Las empresas pueden convertirse en agentes del cambio al brindar oportunidades para que las trabajadoras superen algunos de los obstáculos con los que se topan para acceder a estos servicios, de modo que más mujeres dispongan de los medios para hacer efectivos sus derechos sexuales y reproductivos. Entre dichos obstáculos, cabe citar la falta de información, las dificultades financieras y el horario laboral. 

El UNFPA colabora con asociados institucionales para abordar los problemas y necesidades particulares de las trabajadoras en diversas regiones. En algunos países de Europa del Este, la organización se ha asociado con el sector privado y los gobiernos con el objetivo de luchar contra la violencia de género y abanderar políticas familiares con perspectiva de género. En la región de Asia y el Pacífico, el UNFPA coopera con algunas empresas y fábricas para que ofrezcan allí mismo servicios y asesoramiento en materia de planificación familiar.

Instituciones contra la violencia de género, oficina del UNFPA en Turquía

“Las secuelas de que mi pareja me maltratase me obligaron a pedir muchas licencias por enfermedad y, cuando ya no podía hacerlo, tuve que utilizar los días de vacaciones anuales que me correspondían. El temor a perder el trabajo hizo que lidiar con los aspectos emocionales y jurídicos de la situación resultara todavía más angustioso de lo que ya era. Haberme quedado sin licencias por enfermedad y sin gran parte de mis vacaciones agrava el estrés. No quería que nadie del trabajo se enterara de que se trataba de una relación abusiva. Me daba vergüenza y, a fin de cuentas, la empresa no podía hacer nada al respecto”. Correo electrónico anónimo enviado a un director de Recursos Humanos.

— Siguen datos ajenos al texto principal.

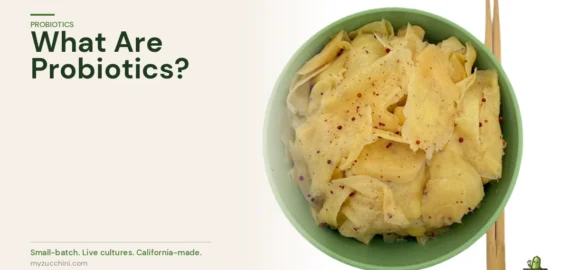 MyZucchini fresh ginger — understanding probiotics and live cultures in food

“The majority of workers, yet among the most vulnerable”. Iniciativa de Comercio Ético. Disponible en: https://www.ethicaltrade.org/issues/gender-equity-global-supply-chains. Última consulta: noviembre de 2021.

La violencia de género, que pone de manifiesto y refuerza las desigualdades que existen entre hombres y mujeres, tiene consecuencias nefastas no solo para la población femenina, sino para la sociedad en general. Según los estudios del sector privado en Turquía, la violencia física y sexual es un fenómeno muy común entre las trabajadoras de oficina (prevalencia del 32%), y los mecanismos de respuesta ante ella brillan por su ausencia. Esto implica que las mujeres, sin importar su trayectoria y el grado de antigüedad que hayan alcanzado en su empleo, se ven sometidas repetidamente a actos de violencia física, psicológica y económica. La situación se debe en gran medida a las normas culturales, el miedo a un despido, la vergüenza y el estigma, pero también a la falta de mecanismos de apoyo para hablar de la violencia y pedir ayuda.

El UNFPA fomenta la igualdad de género y lucha contra la violencia de género allá donde se produzca, sin olvidar los centros de trabajo. Partiendo de los resultados de los estudios que financió el UNFPA, su oficina en Turquía ayudó al Foro de Gobernanza Institucional de la Universidad de Sabancı a elaborar una guía para empresas del sector privado que han mostrado interés en ayudar a las sobrevivientes de la violencia de género. Varias entidades recibieron capacitación sobre cómo formular políticas internas para erradicar la violencia doméstica. Una de las primeras en sumarse fue el banco turco Garanti, que creó un teléfono de asistencia para su plantilla.